Lisda Sundari, Mouhamad Bigwanto, dan Benget Saragih sama-sama setuju bahwa pelaksanaan PP No 28/2024 mengenai Kesehatan sungguh sangat penting untuk segera dilakukan.
“Masalah ini sungguh penting karena ada kesenjangan dalam pelaksanaannya, sehingga memberi kesempatan pada industri rokok agar secara maksimal menggunakan strategi pemasaran yang merugikan untuk menjebak para pemuda dan remaja,” ungkap Lisda.
Penegakan Peraturan Pemerintah tentang Kesehatan sangat penting, mengingat kami menemui begitu banyak masalah serius saat melakukan observasi di lapangan,” lanjut Bigwonto. “Sebelum aturan ini diterapkan secara efektif, usaha untuk melindungi anak-anak dan pemuda dari paparan rokok tidak akan membuat kemajuan signifikan; sebaliknya bisa jadi malah memburuk.
“Saya setuju bahwa negara harus ada untuk melindungi warganya dengan memperkuat regulasi, terlebih lagi karena dampak buruk rokok bagi kesehatan sangat jelas.
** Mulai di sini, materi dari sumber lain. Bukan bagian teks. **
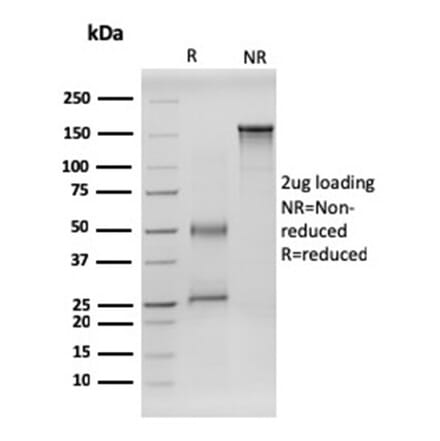 SDS-PAGE - Anti-RET Antibody [RET/2599] (A249879) - Antibodies.com
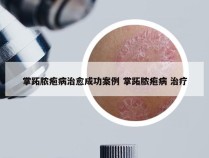 掌跖脓疱病治愈成功案例 掌跖脓疱病 治疗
Kami bertekad mengikuti ketentuan-ketentuan dalam Peraturan Pemerintah tentang Kesehatan guna mengurangi angka perokok muda, dan tujuan kami tidaklah mencari-cari pabrik rokok. Selain itu, kami telah ditunjuk untuk menyusun peraturan pelaksanaan dari Peraturan Pemerintahan tersebut agar dapat segera dieksekusi,” tandas Benget.